## Your objective
Where a picture appears, leave it out, and transcribe all the lines below exactly.

## Information provided
*****
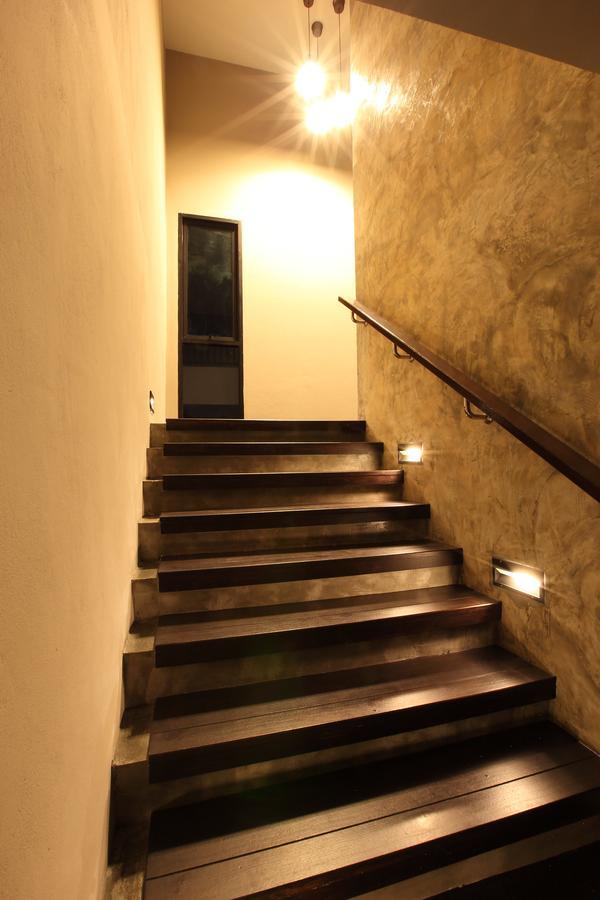 The Plubpla Serviced Apartment Bangkok Esterno foto
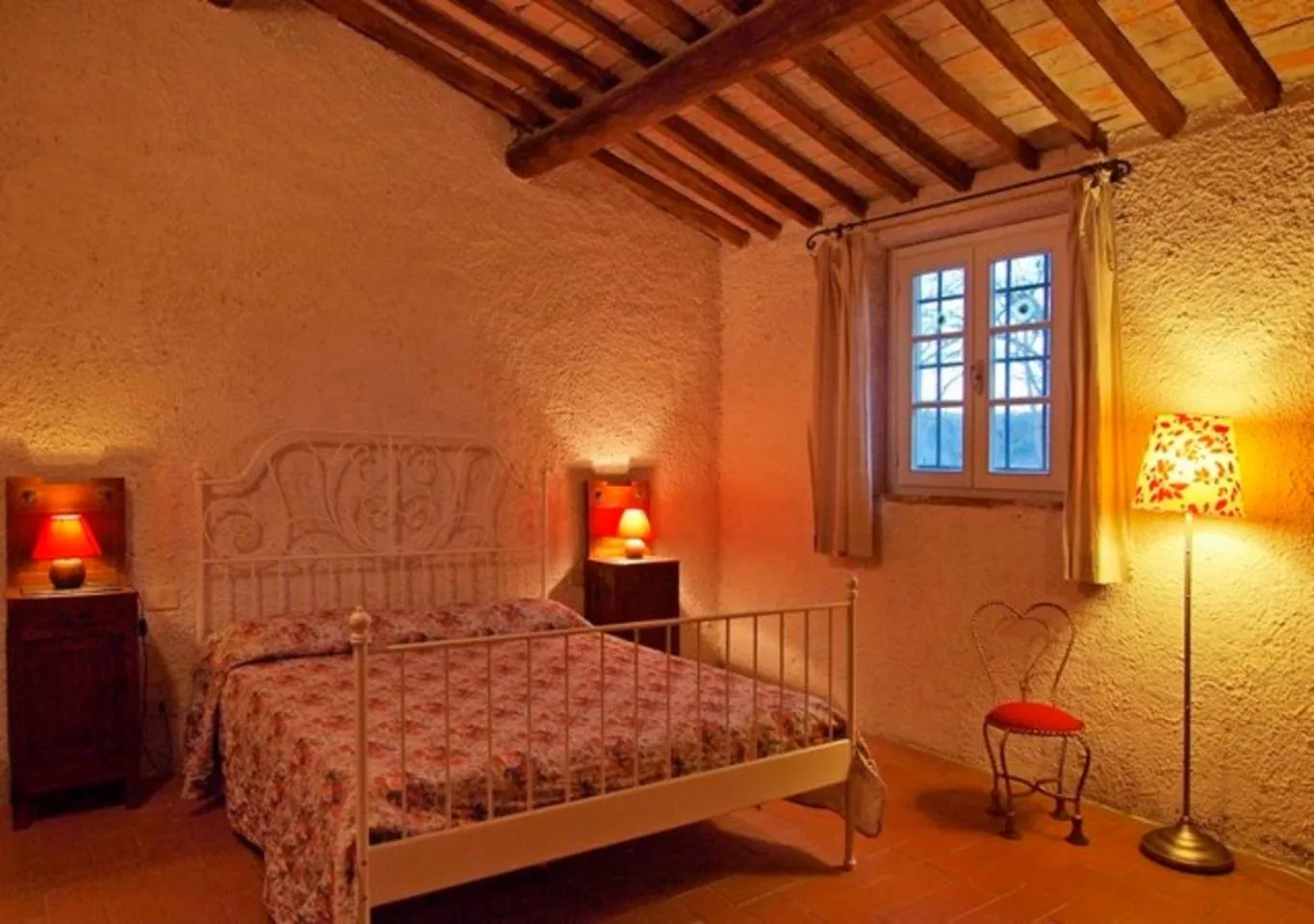 Bed in Agriturismo La Moraia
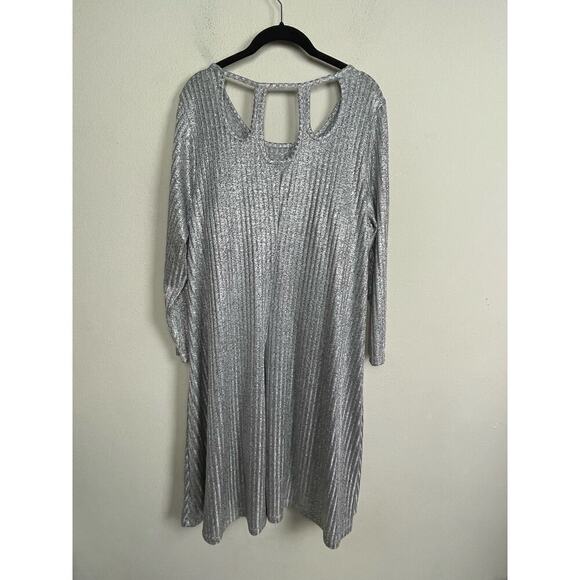 Torrid Silver Metallic Shimmer Ribbed Knit Trapeze‎ Dress Size 2 (18-20) - Picture 6 of 9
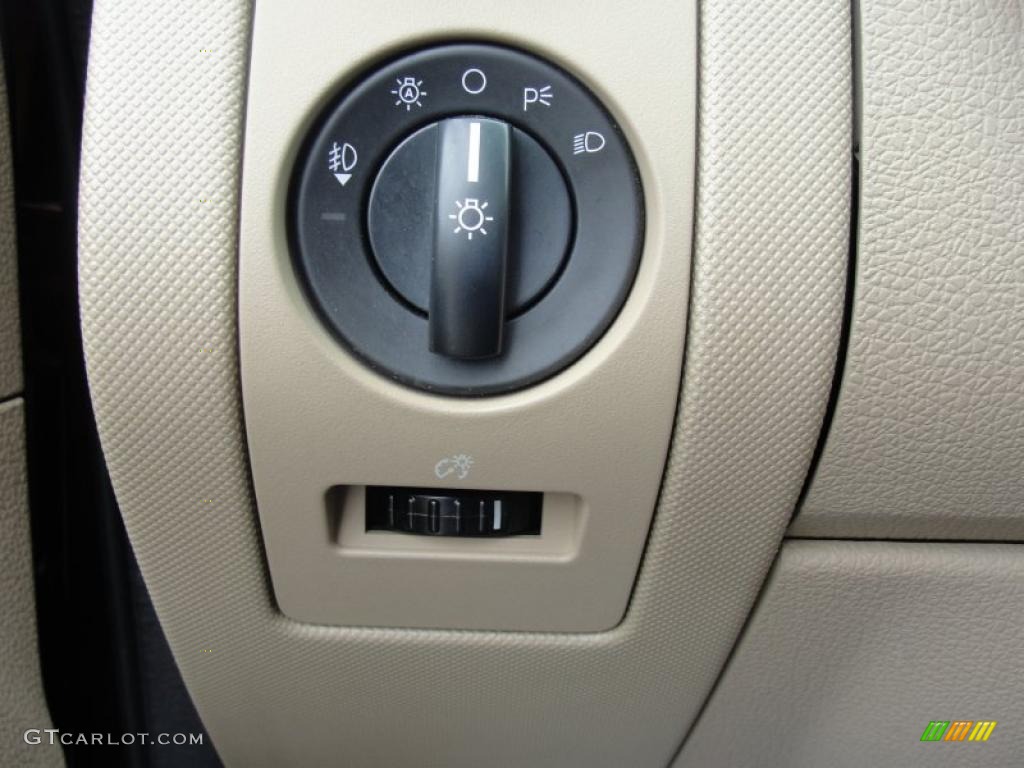 2009 Ford Explorer XLT Controls Photo #47158872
*****
## Solution to this problem
 The Plubpla Serviced Apartment Bangkok Esterno foto
 Bed in Agriturismo La Moraia
 Torrid Silver Metallic Shimmer Ribbed Knit Trapeze‎ Dress Size 2 (18-20) - Picture 6 of 9
 2009 Ford Explorer XLT Controls Photo #47158872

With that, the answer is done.